Óscar de la Borbolla
16/10/2017 - 12:00 am
La paradoja de la sabiduría
La sabiduría es entender que nada tiene importancia, pues somos como sombras que simplemente pasan, fantasmas u hologramas que se toman desesperadamente en serio y, a la vez entender que esas pequeñas o grandes preocupaciones que forman lo humano valen, sin excepción, la pena, que literalmente nada tiene importancia pero todo vale la pena y eso incluye también comprender la tristeza de la quinceañera. Porque en el fondo la sabiduría es tan sólo la amarga comprensión de la condición trágica del ser humano y, precisamente por eso, implica el condolerse con cualquiera y entender simultáneamente que ningún dolor es para tanto.
La sabiduría no guarda relación con el saber, sino con el comprender; uno no es sabio porque posea muchos conocimientos y sea un erudito que guarda en la memoria los datos y las citas oportunas para cada ocasión. La sabiduría estriba en ir deshaciéndose de la importancia que se da a ciertos aspectos de la vida que obligan a esforzarse en demasía y a sufrir en el caso de no coronarlos o a ufanarse si se logran: la sabiduría es ante todo un liberarse, un desentenderse de la importancia.
De ahí que en las antípodas del sabio no se encuentre el ignorante, sino el pelmazo que concede un enorme valor a todo: comenzando por “el qué dirán” y terminando con el afán de perfección y la aspiración de gloria. Ya no preocuparse es en lo que radica la sabiduría.
Pero no se me malentienda: una cosa es la indiferencia nihilista de quien desde el principio no quiere nada ni se esfuerza por nada: no desear por indolencia, y otra, comprender la vacuidad de todo tras haberlo buscado y obtenido o no. Hay un abismo entre Salomón y un nini.
Es fácil sonreír con condescendencia ante las preocupaciones de una quinceañera que sufre porque se manchó el vestido, pero no es fácil sonreír ante los esfuerzos de un hombre que tras haber puesto todo su empeño en conseguir un ascenso se traga amargamente sus lágrimas de fracaso y, sin embargo, lo uno y lo otro representan lo mismo: ambos piensan que lo ocurrido es importante.
Hemos superado la fase de la quinceañera; contamos con la madurez suficiente para comprender que su tristeza no tiene importancia; pero no tenemos la claridad para ver la Insignificancia del fracaso del empleado. Ambas, sin embargo, son iguales, pues, a la larga, quiero decir, de cara a la muerte ni una ni otra desgracia tienen la menor valía.

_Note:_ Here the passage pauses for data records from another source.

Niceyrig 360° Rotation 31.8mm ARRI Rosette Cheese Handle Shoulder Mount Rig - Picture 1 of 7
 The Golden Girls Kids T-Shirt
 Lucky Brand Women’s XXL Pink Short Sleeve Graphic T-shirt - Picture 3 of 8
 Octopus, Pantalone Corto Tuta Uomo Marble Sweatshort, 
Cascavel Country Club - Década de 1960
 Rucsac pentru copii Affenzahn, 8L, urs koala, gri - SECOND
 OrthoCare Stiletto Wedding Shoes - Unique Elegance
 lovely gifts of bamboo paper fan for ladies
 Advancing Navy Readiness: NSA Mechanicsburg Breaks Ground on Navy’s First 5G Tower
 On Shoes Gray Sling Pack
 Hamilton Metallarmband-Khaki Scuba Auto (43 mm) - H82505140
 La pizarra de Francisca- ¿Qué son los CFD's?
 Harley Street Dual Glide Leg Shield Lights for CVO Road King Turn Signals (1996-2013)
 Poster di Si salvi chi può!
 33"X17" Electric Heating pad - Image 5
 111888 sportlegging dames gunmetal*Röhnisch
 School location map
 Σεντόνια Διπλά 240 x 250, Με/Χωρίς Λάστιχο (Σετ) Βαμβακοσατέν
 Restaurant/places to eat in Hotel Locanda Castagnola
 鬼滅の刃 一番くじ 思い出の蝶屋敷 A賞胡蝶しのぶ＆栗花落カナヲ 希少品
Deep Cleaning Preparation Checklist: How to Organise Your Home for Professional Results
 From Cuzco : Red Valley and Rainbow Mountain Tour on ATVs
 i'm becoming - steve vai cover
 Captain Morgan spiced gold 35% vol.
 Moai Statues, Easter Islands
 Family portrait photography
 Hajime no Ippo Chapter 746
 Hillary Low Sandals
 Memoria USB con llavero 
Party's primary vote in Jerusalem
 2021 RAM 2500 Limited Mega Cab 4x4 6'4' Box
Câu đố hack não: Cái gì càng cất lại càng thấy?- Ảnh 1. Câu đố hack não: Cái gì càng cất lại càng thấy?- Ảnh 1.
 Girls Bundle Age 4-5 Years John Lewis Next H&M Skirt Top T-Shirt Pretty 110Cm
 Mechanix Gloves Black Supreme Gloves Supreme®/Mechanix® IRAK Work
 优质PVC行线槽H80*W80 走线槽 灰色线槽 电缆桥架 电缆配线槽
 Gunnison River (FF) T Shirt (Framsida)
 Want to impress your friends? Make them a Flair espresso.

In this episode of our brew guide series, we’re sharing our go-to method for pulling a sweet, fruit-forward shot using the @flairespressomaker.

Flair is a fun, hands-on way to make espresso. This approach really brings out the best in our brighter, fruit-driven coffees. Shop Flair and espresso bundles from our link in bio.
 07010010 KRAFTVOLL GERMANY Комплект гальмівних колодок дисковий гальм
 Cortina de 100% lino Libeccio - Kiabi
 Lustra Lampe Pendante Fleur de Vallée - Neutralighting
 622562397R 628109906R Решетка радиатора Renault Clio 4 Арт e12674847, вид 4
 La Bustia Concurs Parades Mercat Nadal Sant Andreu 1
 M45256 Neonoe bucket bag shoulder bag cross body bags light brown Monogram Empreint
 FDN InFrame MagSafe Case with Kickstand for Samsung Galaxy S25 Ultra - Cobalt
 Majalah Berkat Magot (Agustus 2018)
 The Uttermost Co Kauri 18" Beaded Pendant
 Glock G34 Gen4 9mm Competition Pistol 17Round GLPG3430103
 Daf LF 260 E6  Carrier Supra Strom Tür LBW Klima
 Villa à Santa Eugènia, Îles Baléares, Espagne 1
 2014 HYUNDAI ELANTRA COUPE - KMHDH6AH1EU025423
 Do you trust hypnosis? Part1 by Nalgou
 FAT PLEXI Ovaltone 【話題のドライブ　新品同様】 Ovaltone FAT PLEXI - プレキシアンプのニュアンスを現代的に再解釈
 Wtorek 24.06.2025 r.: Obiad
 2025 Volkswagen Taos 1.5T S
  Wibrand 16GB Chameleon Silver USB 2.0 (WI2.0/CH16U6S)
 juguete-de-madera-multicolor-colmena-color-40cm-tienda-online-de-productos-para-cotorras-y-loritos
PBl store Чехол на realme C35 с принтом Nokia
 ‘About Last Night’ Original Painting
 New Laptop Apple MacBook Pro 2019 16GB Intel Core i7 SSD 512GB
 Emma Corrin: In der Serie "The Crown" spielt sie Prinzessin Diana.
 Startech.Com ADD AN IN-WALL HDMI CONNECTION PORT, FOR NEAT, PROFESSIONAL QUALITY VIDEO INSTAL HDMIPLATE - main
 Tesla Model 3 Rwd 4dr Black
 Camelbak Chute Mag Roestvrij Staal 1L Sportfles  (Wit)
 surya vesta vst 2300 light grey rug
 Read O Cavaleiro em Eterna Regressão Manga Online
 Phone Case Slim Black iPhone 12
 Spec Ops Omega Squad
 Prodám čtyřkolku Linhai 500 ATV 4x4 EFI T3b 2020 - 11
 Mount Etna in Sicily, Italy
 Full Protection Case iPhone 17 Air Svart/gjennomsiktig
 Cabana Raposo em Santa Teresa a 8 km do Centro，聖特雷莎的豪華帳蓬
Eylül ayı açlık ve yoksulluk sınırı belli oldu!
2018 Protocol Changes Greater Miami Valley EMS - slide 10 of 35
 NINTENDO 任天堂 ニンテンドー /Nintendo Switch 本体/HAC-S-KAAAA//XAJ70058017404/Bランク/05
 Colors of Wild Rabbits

La sabiduría es entender que nada tiene importancia, pues somos como sombras que simplemente pasan, fantasmas u hologramas que se toman desesperadamente en serio y, a la vez entender que esas pequeñas o grandes preocupaciones que forman lo humano valen, sin excepción, la pena, que literalmente nada tiene importancia pero todo vale la pena y eso incluye también comprender la tristeza de la quinceañera. Porque en el fondo la sabiduría es tan sólo la amarga comprensión de la condición trágica del ser humano y, precisamente por eso, implica el condolerse con cualquiera y entender simultáneamente que ningún dolor es para tanto.